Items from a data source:

BEGIN

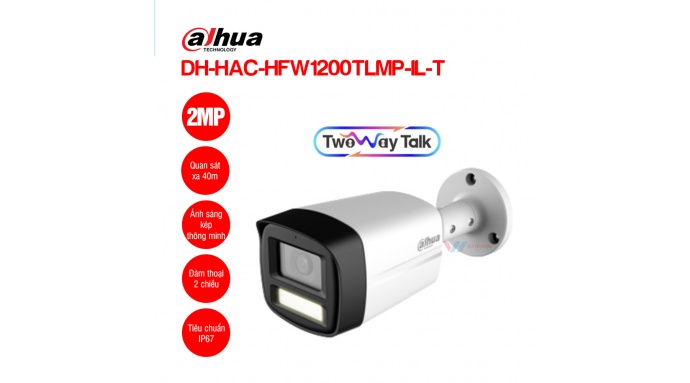 Camera HDCVI 2MP Dahua DH-HAC-HFW1200TLMP-IL-T
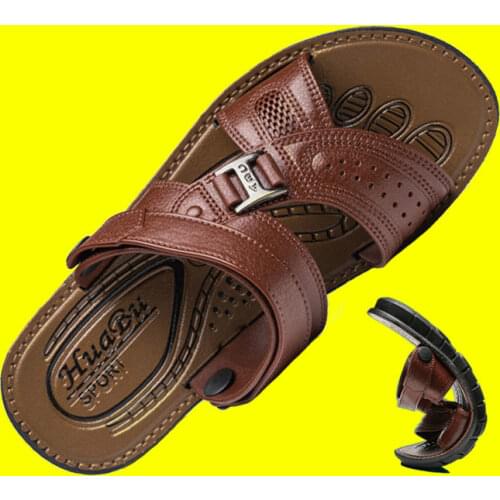 Hot Sale Summer Waterproof Non-Slip Sandals Mens Soft Bottom Wear-Resistant Slippers Dual-Purpose Breathable Sandals Men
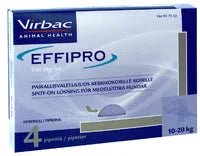Effipro Keskikokoisille Koirille 100 mg/ml Vet Paikallisvaleluliuos 10-20 kg - Image 2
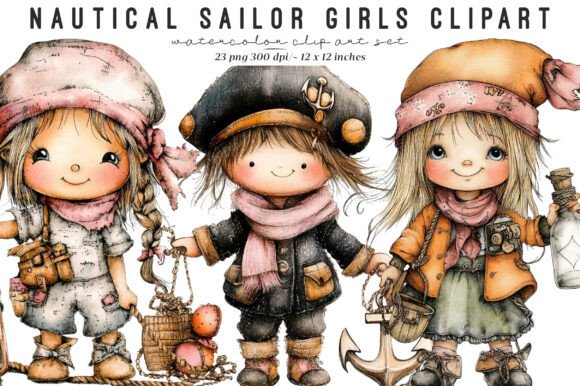Nautical Sailor Girls Clipart Bundle: A Creative Guide
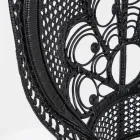 Poltrona de jardim exterior de design luxuoso em rattan preto - Serafino Viadurini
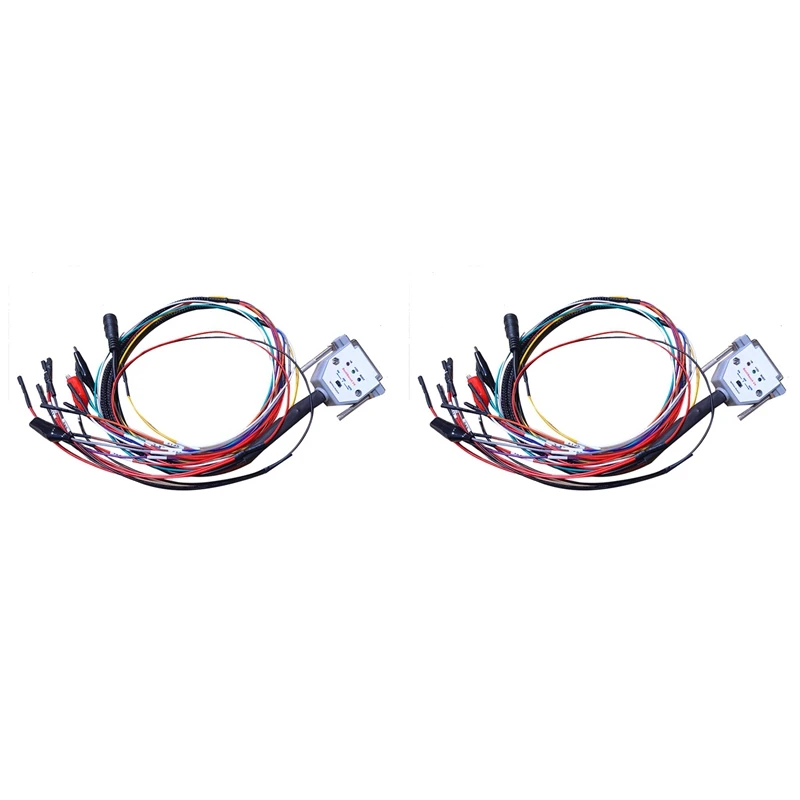 2X 3 LED LIGHTS With Switch Boot Bench Cable DB25 For SM2 PRO+ J2534 VCI Read Write ECU BATT VCC KLINE CAN-L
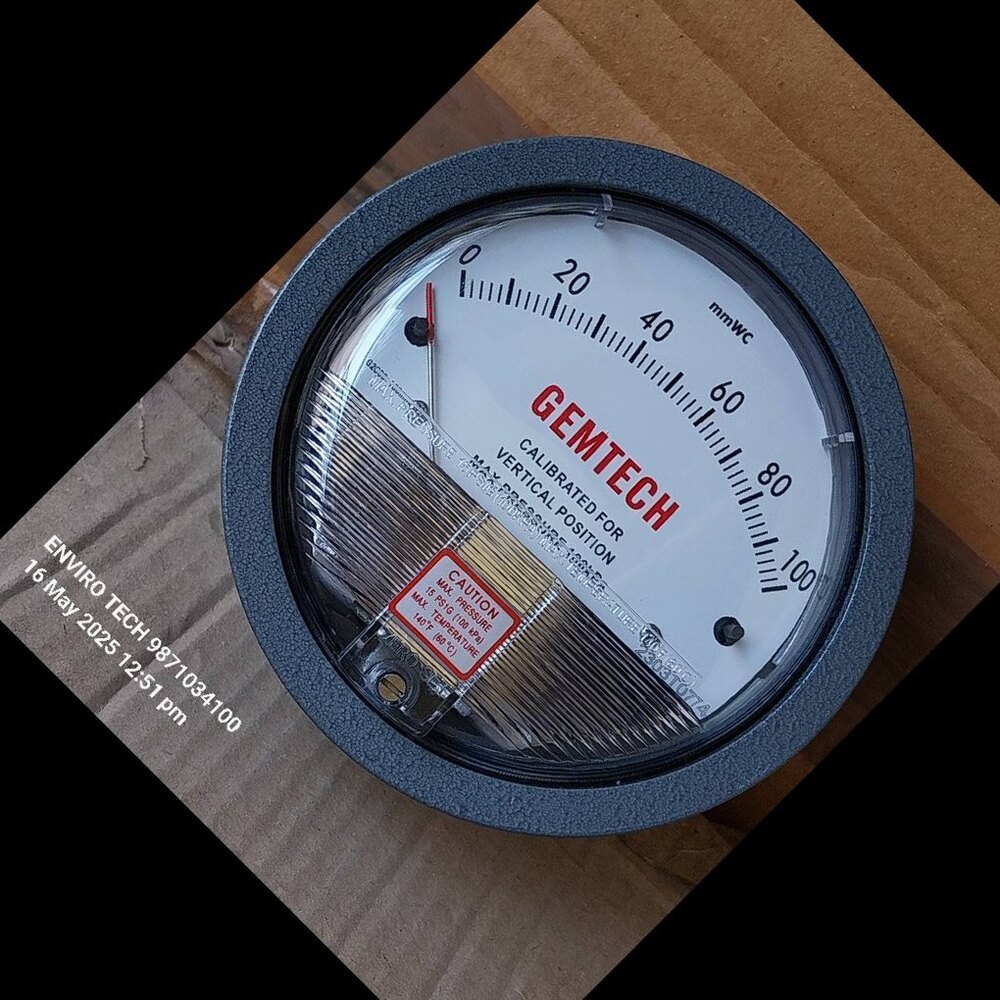Gemtech Differential Pressure Gauge In Khursipar Bhilai Chhattisgarh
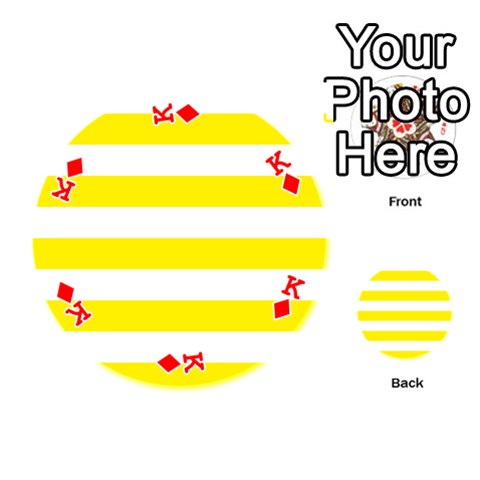 King Horizontal Stripes Front - DiamondK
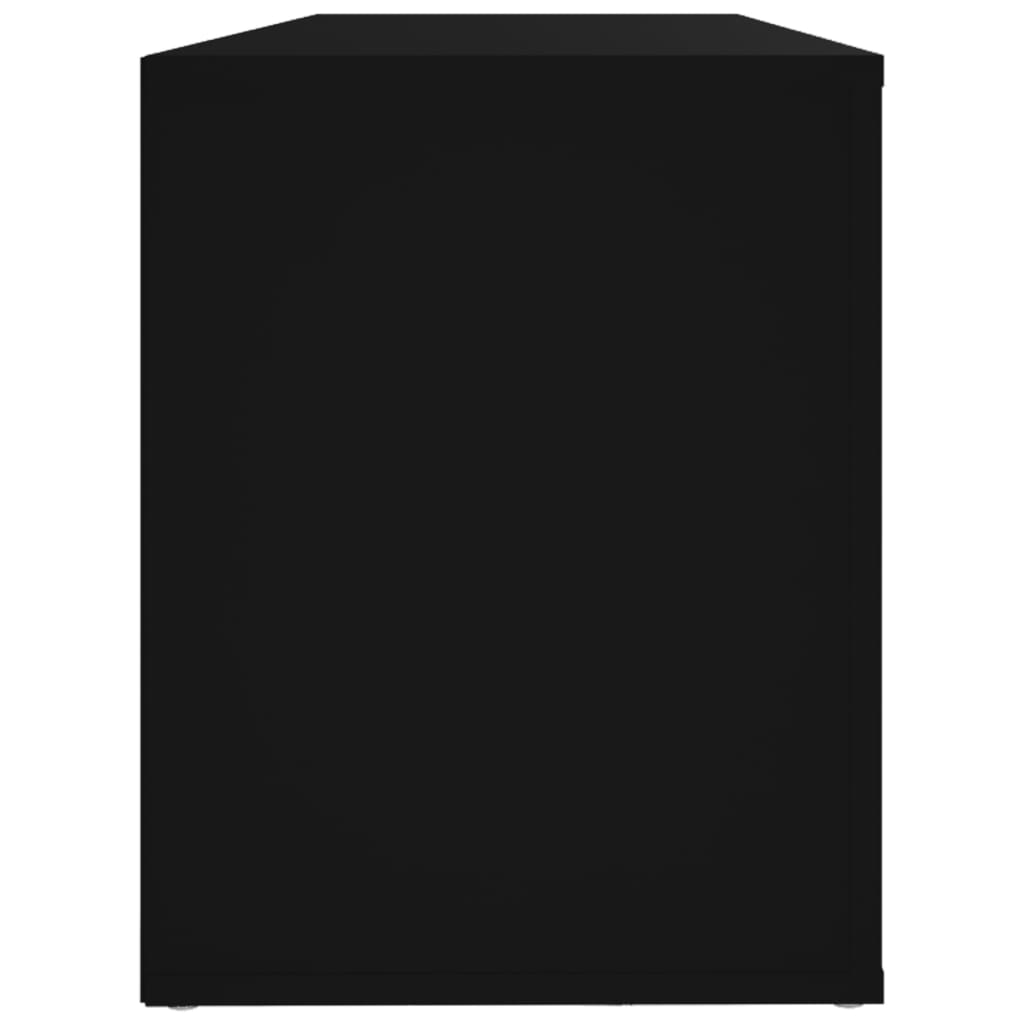 Armoire à chaussures Noir 100x35x45 cm Bois d'ingénierie - XIOS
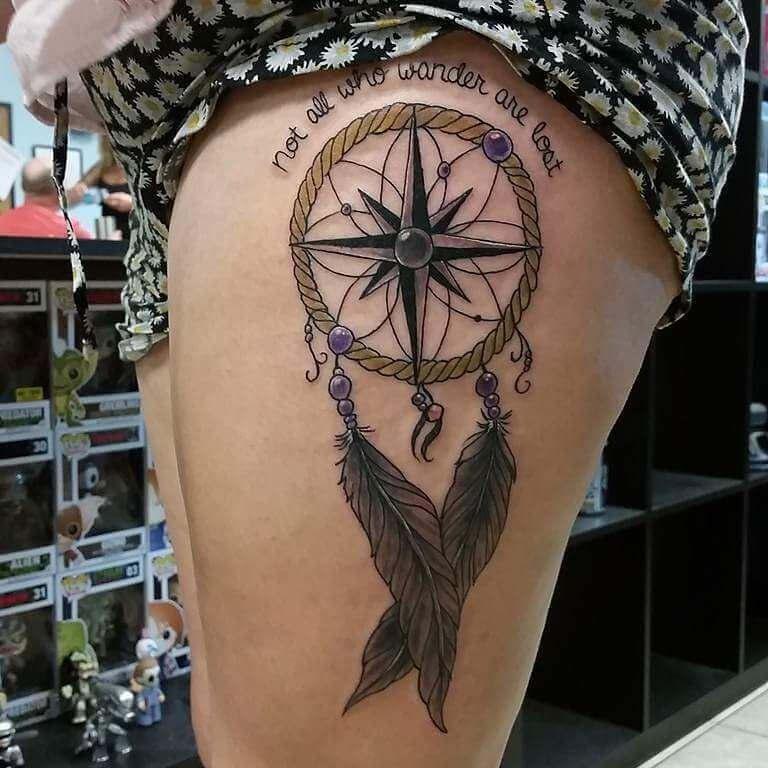 11+ Not All Those Who Wander Are Lost Tattoo Ideas That Will Blow Your Mind! 14 Women's Not All Those Who Wander Are Lost Tattoo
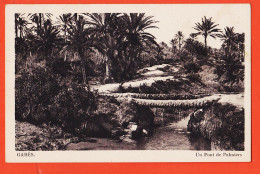 7378 / ⭐ ( Etat Parfait ) GABES Tunisie Pont De Palmiers 1920s Edition LA PALMERAIE CAP 43 - Tunisia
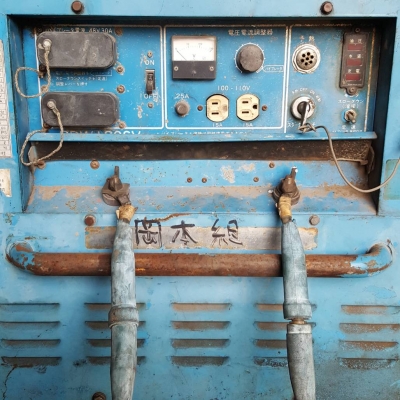 เครื่องเชื่อมเครื่องปั่นไฟเก่าญี่ปุ่น airman PDW180SV เครื่องดีเซล 2 สูบ เครื่องเชื่อมเครื่องปั่นไฟเก่าญี่ปุ่น airman PDW180SV เครื่องดีเซล 2 สูบ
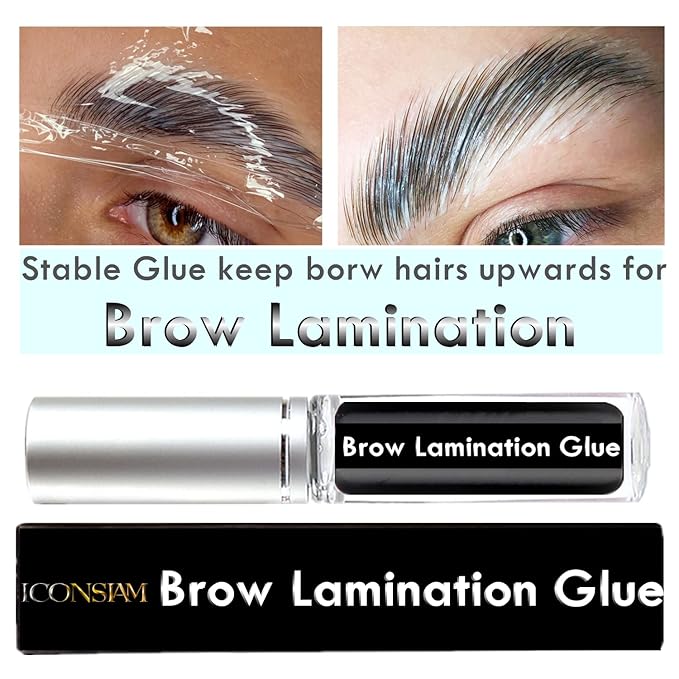 Brow Lamination Glue, Brow Fix Gel, Clear Eyebrow Lift Glue Tools Professional Brow Lifting, Strong Eye Brow Perm Adhesive Easy to Use Water-Based, More than 50 Applications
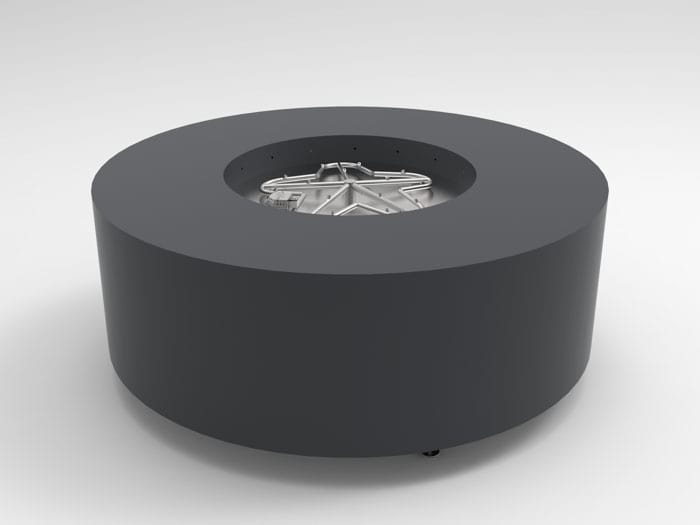 HPC Fire Agni 60" Natural Gas Fire Pit with Heavy-Duty Powder-Coated Steel & Match Lit Ignition – Series AGNI60-MLFPK-NG
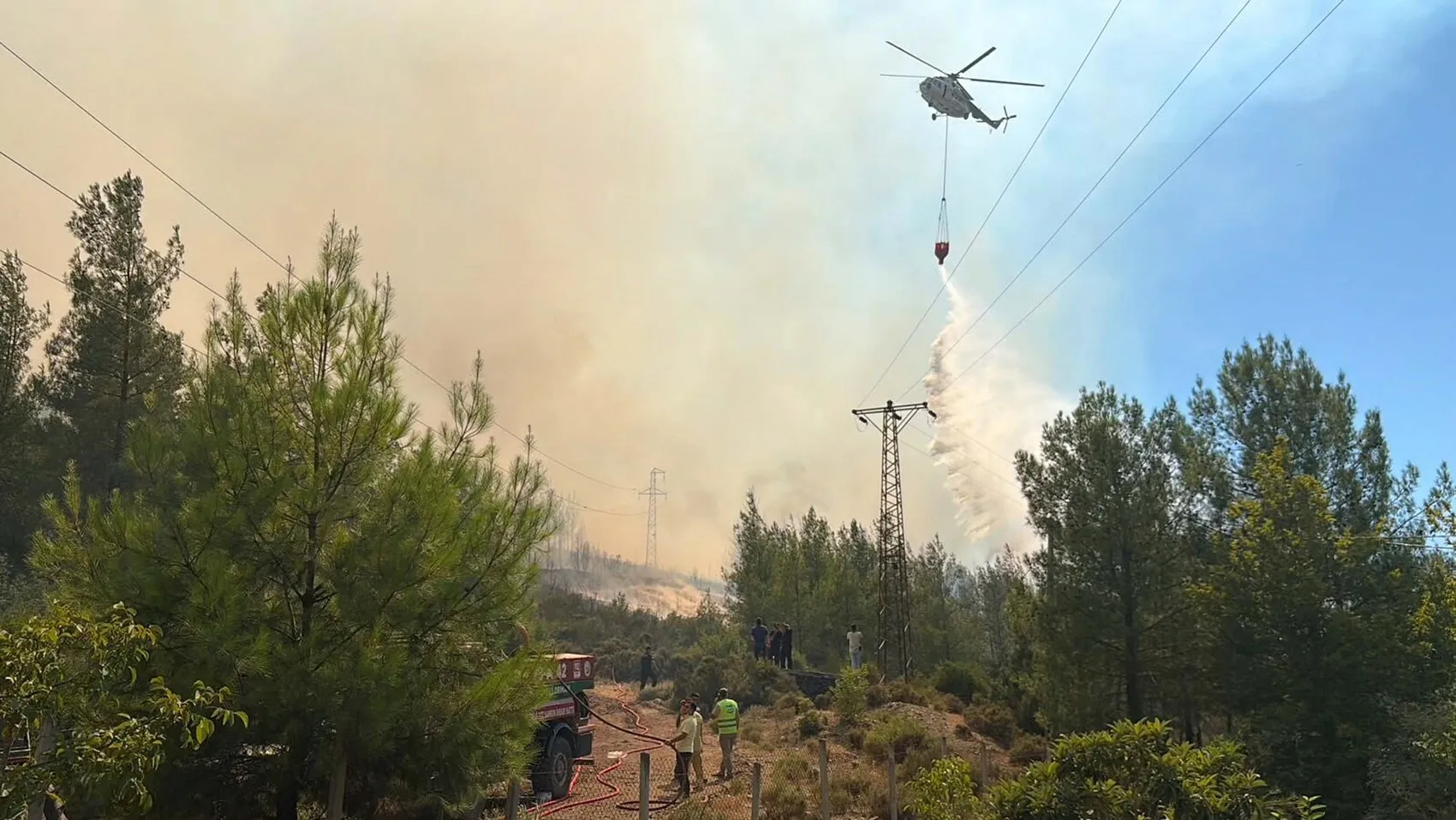 Fethiye ormanlarında yangın riski devam ediyor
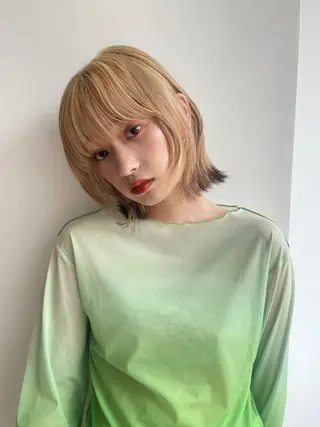 ショート カラー ヘアアレンジ 💛似合わせカット カラー💛 amiのヘアスタイル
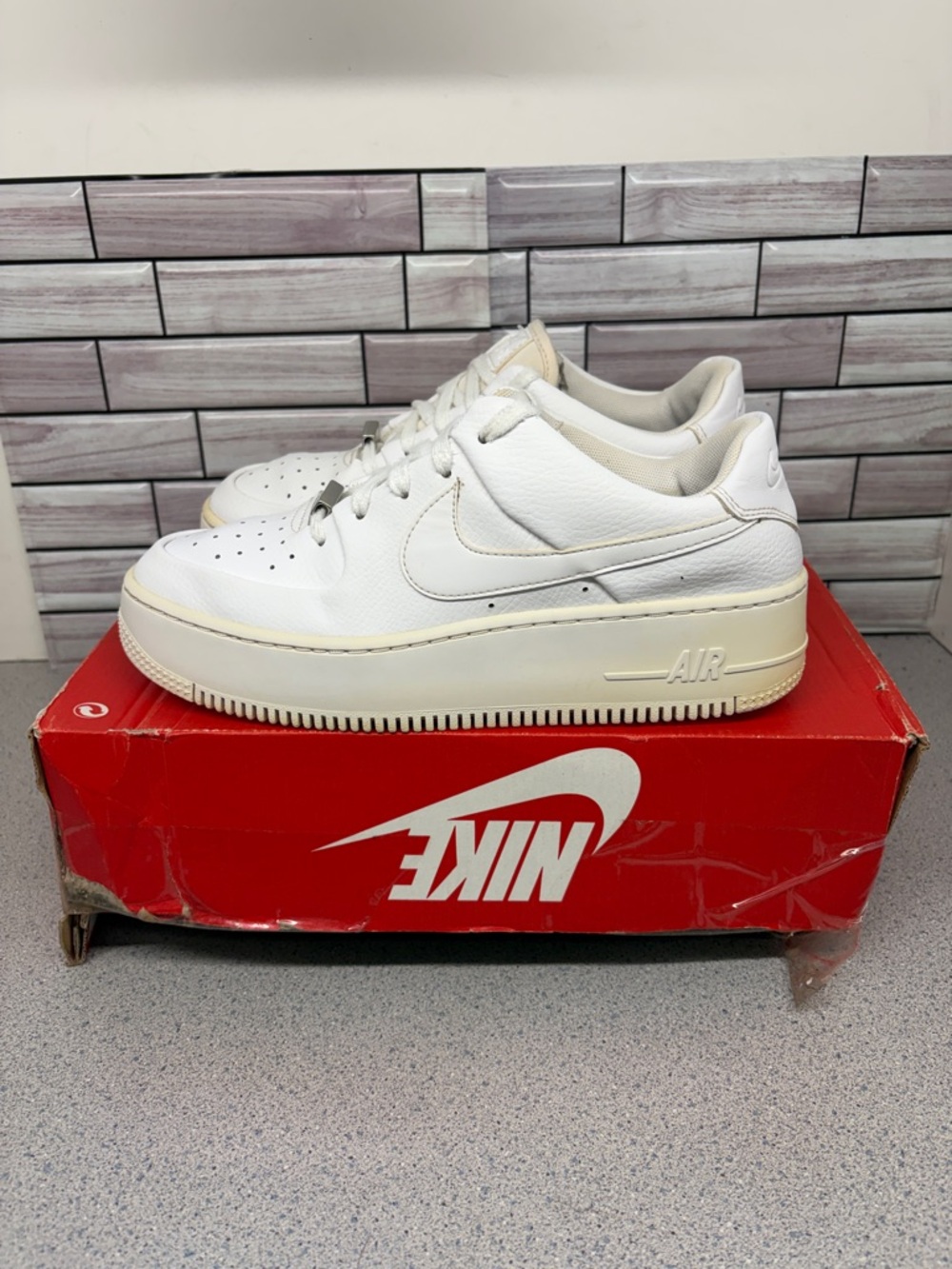 Nike Air Force Ones size 9 Women’s platform bottoms mm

END

Please restate word for word each line from the one containing "Gemtech Differential Pressure" to the end of the data above, without the pictures.

Gemtech Differential Pressure Gauge In Khursipar Bhilai Chhattisgarh
 King Horizontal Stripes Front - DiamondK
 Armoire à chaussures Noir 100x35x45 cm Bois d'ingénierie - XIOS
 11+ Not All Those Who Wander Are Lost Tattoo Ideas That Will Blow Your Mind! 14 Women's Not All Those Who Wander Are Lost Tattoo
 7378 / ⭐ ( Etat Parfait ) GABES Tunisie Pont De Palmiers 1920s Edition LA PALMERAIE CAP 43 - Tunisia
 เครื่องเชื่อมเครื่องปั่นไฟเก่าญี่ปุ่น airman PDW180SV เครื่องดีเซล 2 สูบ เครื่องเชื่อมเครื่องปั่นไฟเก่าญี่ปุ่น airman PDW180SV เครื่องดีเซล 2 สูบ
 Brow Lamination Glue, Brow Fix Gel, Clear Eyebrow Lift Glue Tools Professional Brow Lifting, Strong Eye Brow Perm Adhesive Easy to Use Water-Based, More than 50 Applications
 HPC Fire Agni 60" Natural Gas Fire Pit with Heavy-Duty Powder-Coated Steel & Match Lit Ignition – Series AGNI60-MLFPK-NG
 Fethiye ormanlarında yangın riski devam ediyor
 ショート カラー ヘアアレンジ 💛似合わせカット カラー💛 amiのヘアスタイル
 Nike Air Force Ones size 9 Women’s platform bottoms mm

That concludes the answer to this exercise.